Strangely, Chairman Mao is still quite visible. His portrait still stares out over Tiananmen Square (although now matched by a statue of Confucius). Along the Bund in Shanghai, a statuary Chairman stares across at the capitalist Oz of Pudong. But Mao is a curiously absent presence. The idiocies and atrocities carried out under his direction and encouragement are freely acknowledged but never as the results of Mao’s and the Communist leadership’s decisions. It is as if actual Maoist policies were malignant natural forces like floods, droughts or tsunamis rather than the malevolent responsibility of the men who actually conceived, implemented and enforced them. It is commonplace to hear young Chinese express revulsion at what they have learned about the excesses of the Cultural Revolution, while at the same time referring to the continued wise direction of the country under a Communist Party whose lineage extends in direct succession from Mao to Deng to today’s Hu Jintao. Yet there is no alternative to this contradiction within the ruling narrative. The same gang that brought the crimes of the past is bringing the gifts of the present. Blame them for the former, and one risks the latter.

And thus the unspoken but almost universally acknowledged social contract. It goes like this: the regime promises unlimited economic growth and an open door of opportunity for individual enrichment; the quid pro quo is that the population agrees to give the regime a free hand in the political arena. If the people seek to participate directly in the political process bypassing the party, if they insist on direct accountability of party officials, if they publicly question the authority of the party to make all the key decisions, then unlimited economic growth will be threatened and the people will suffer. The other side of the contract, yet to be tested, poses an equivalent obligation on the party: if the regime fails to deliver continual economic growth, the people may reconsider their obligations. In the parlance of the old pre-Communist feudal regime, it will be seen to have “lost the mandate of heaven.”

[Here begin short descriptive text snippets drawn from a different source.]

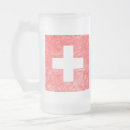 Recherche de suisse chopes Alpinisme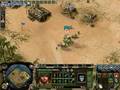 StreamMyGame - Axis & Allies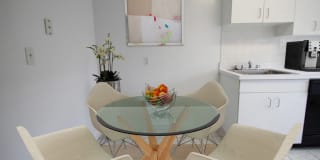 CHR Brookline & Boston Communities Gallery 29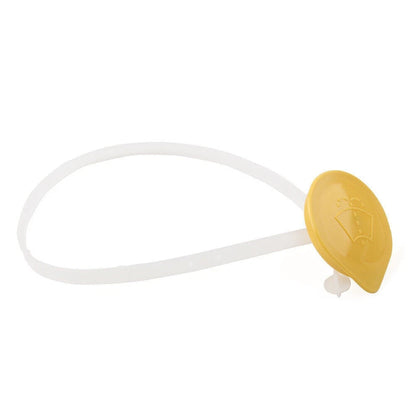 Windshield Wiper Washer Water Tank Bottle Cap For Subaru Forester 2006-2013 US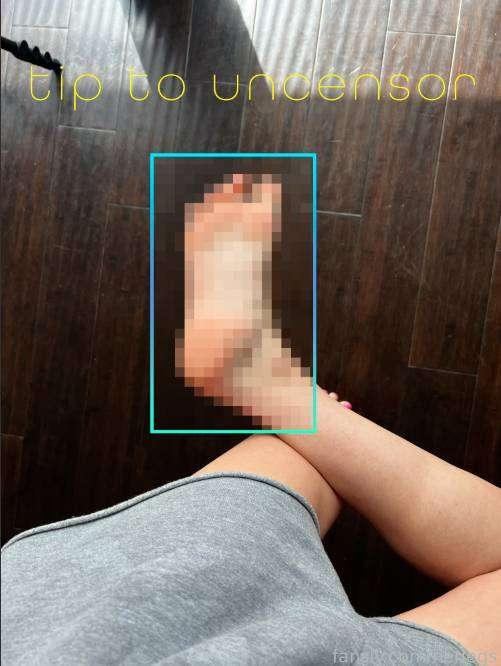 herlegs image #0
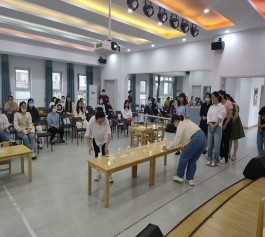 QQ图片20230519123309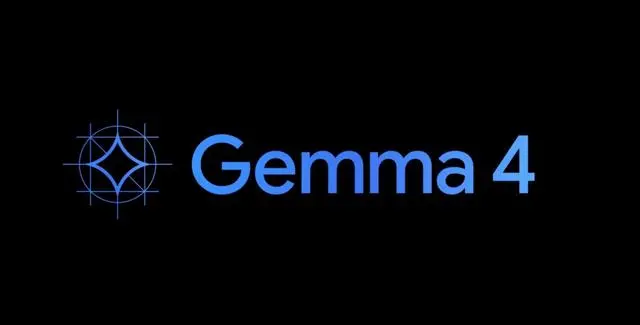谷歌Gemma 4遭破解，实测：伪造支票、找盗版电影，有求必应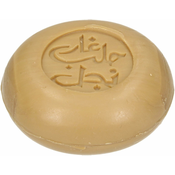 Aleppo milo damaščanska vrtnica - 100 g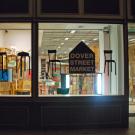 Dover Street Market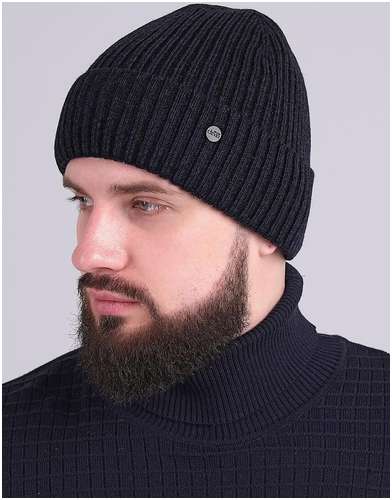 Шапка CLEVER 103203271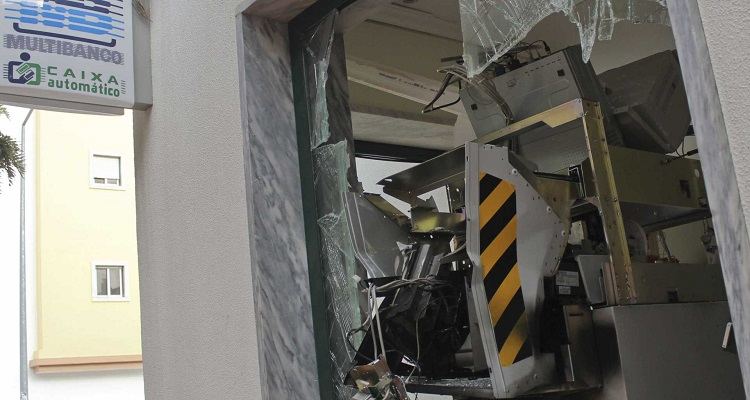 assaltos-multibancos.jpg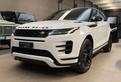 LAND ROVER Range Rover Evoque 2.0D I4 180 CV AWD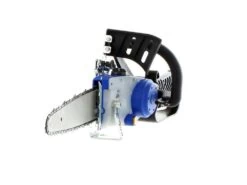 Élagueuse Pneumatique Paterlini Jack 10'' 1/4 Carving - Pour La Taille -Motofaucheuse Soldes lagueuse pneumatique paterlini jack 10 1 4 carving pour la taille lagueuse pneumatique professionnelle paterlini jack 10 31546 1 1635155843 IMG 61767f83f2641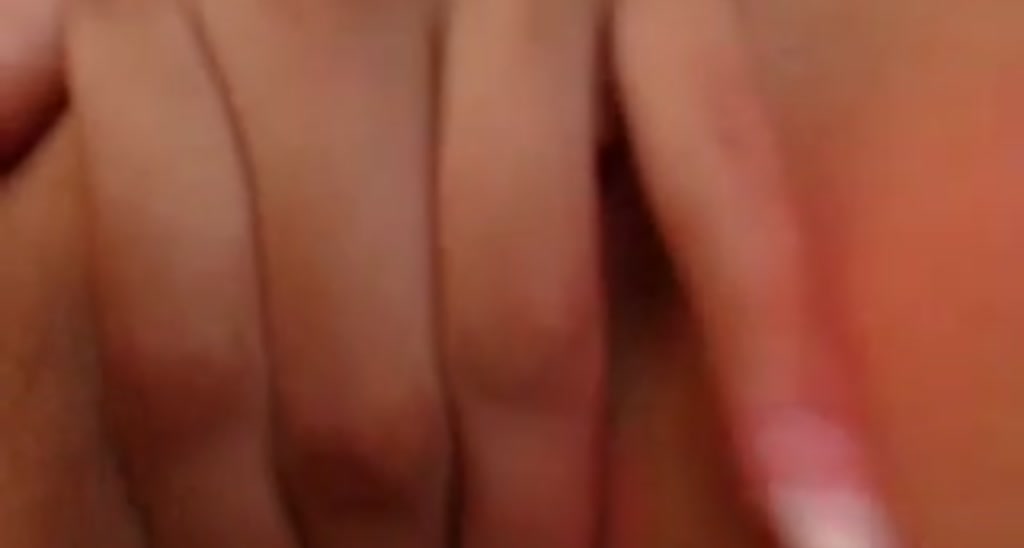 NicoleHitman video thumbnail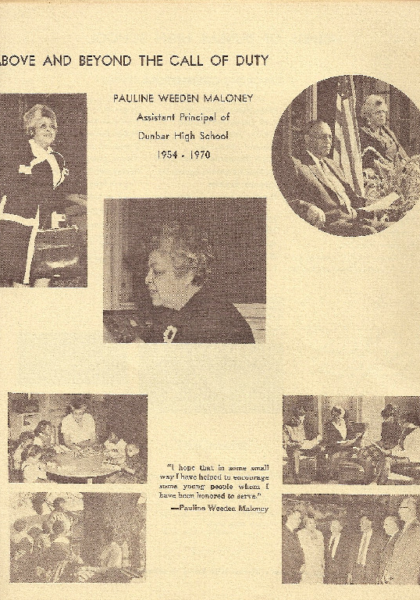 All my Souvenirs All my Souvenirs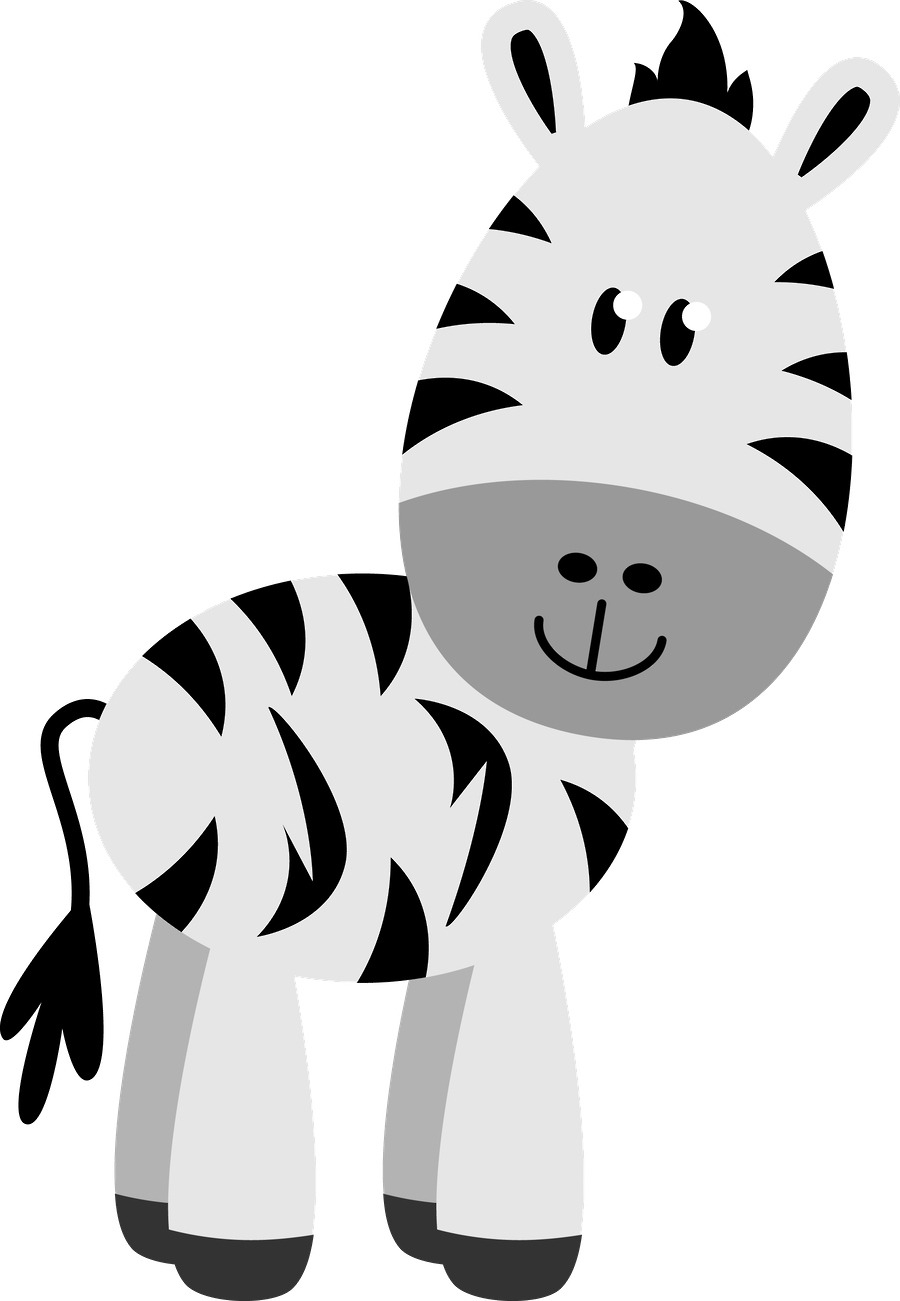 Baby Birthday, Birthday Ideas, Zebras, Om, November, Clipart (900x1301), Png Download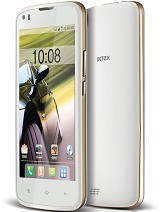 Best available price of Intex Aqua Speed in Mali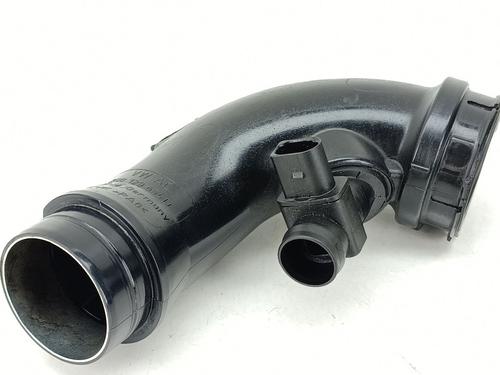 Used Pipe Pipe VW CRAFTER Van (SY_, SX_) 2.0 TDI FWD (SYB, SYC, SYD) (177 hp) 39987931 39987931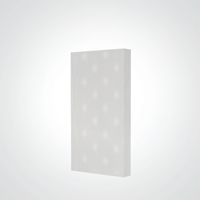 Pratica Products Inc. 753383 High-speed Ovens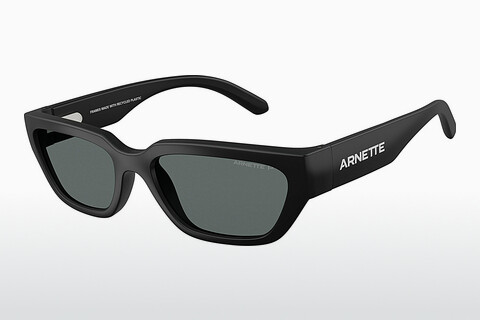 слънчеви очила Arnette CURBSIDE (AN4350 290081)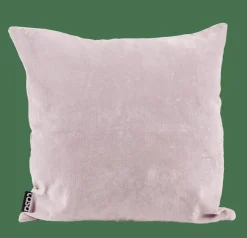 CASA SAMIR Coussin Mauve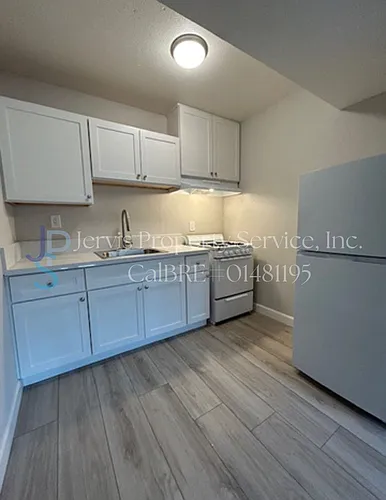 11918 Sproul St Photo 1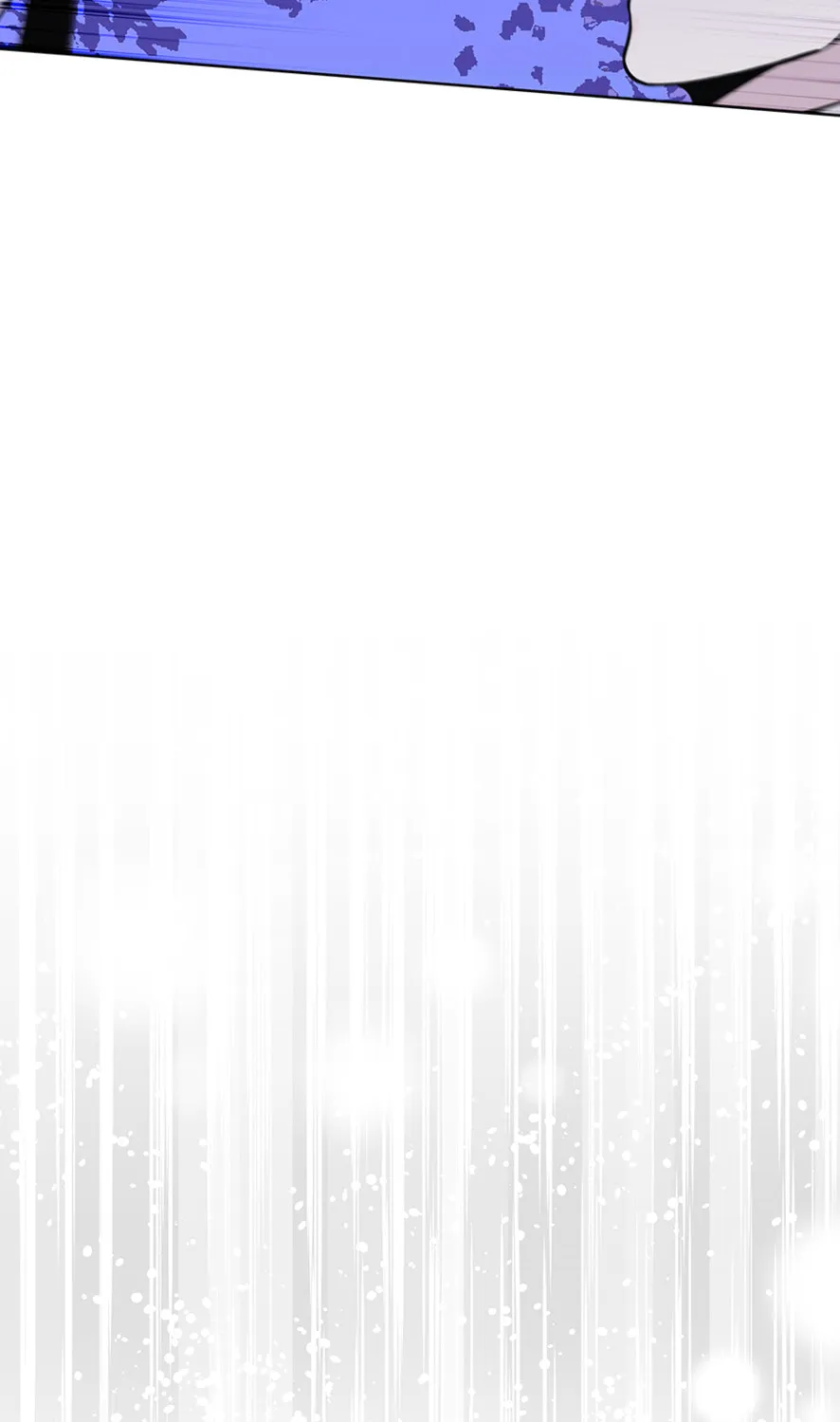Forest Sea Chapter 61 - Page 45 in English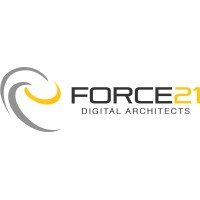 eForce21 GmbH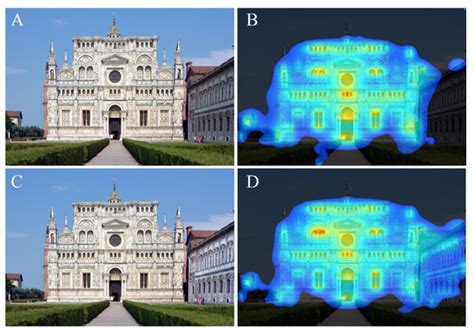 Applied Sciences | Special Issue : Advanced Machine Learning Algorithms ...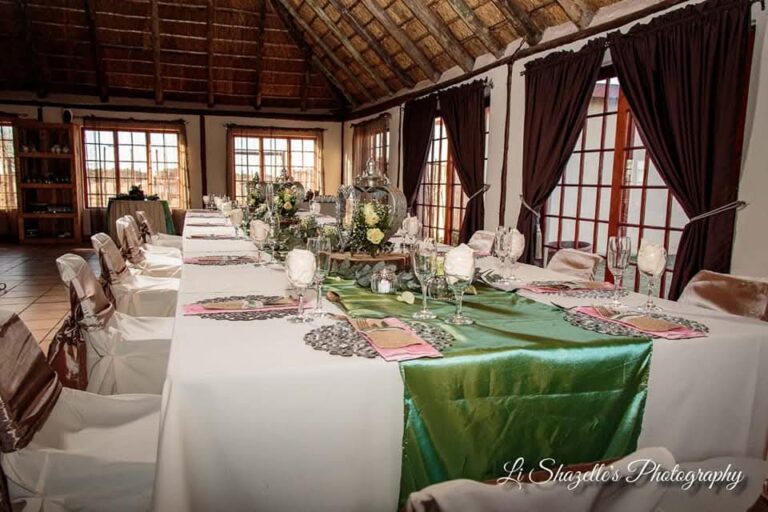 eca1bf5c d1cc 4d05 9585 771e201177dd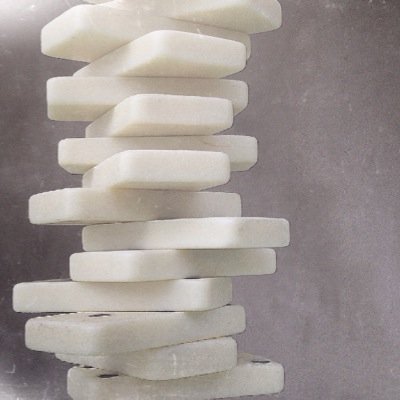 recebovbextiya1's profile picture. 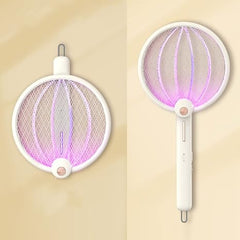 Electric Mosquito Zapper - RashidExpress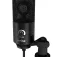 Fifine K669 Streamingmicrofoon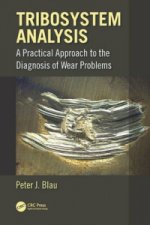 Tribosystem Analysis
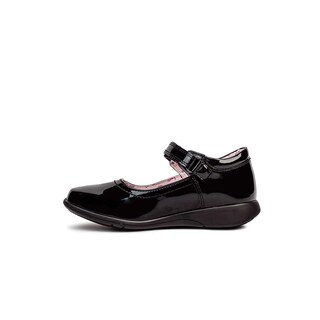 Foto 3 | Foto 3 | Zapato Escolar Bambino Bm9062-a4 Para Niña En Piel/sintética Tallas 18.5-20.10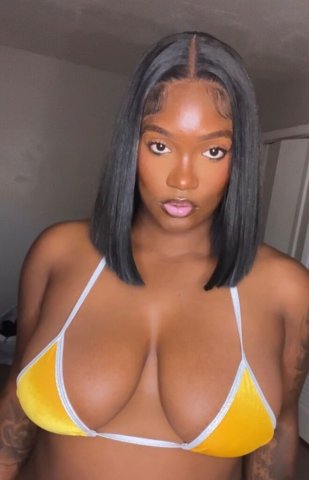 Northern Virginia Outcall by Appointment Only  Ft Shows/Content — 28 - 1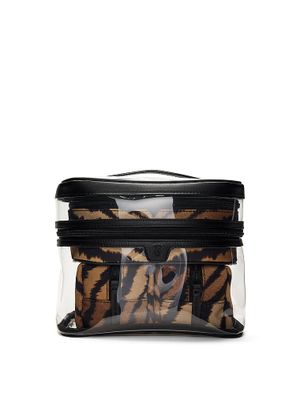 Black Kosmetyczka 4w1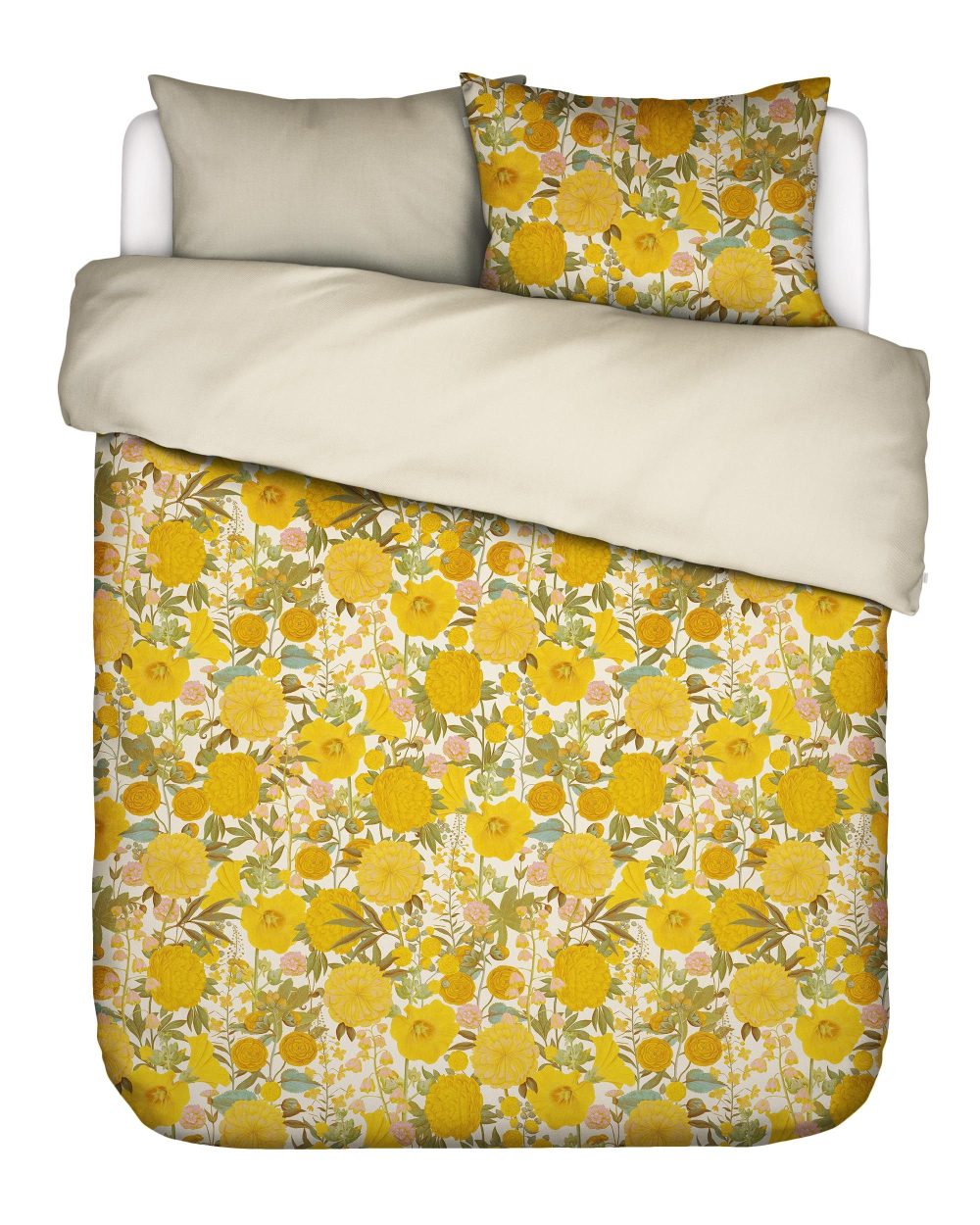 ESSENZA Комплект постельного белья Florentien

China today is far from such a revolutionary or even prerevolutionary stage, but there is an unspoken threat in the air concerning the fulfilment of the social contract, on both sides. The party and state must understand the implications of any prolonged plunge into economic stagnation or decline and the prevalence of frustrated expectations. On the other side, the people understand the dire implications of pushing reformist demands to the stage of direct confrontation with the hegemony of the party – the spectre of Tiananmen 1989 hangs over all thoughts of oppositional politics.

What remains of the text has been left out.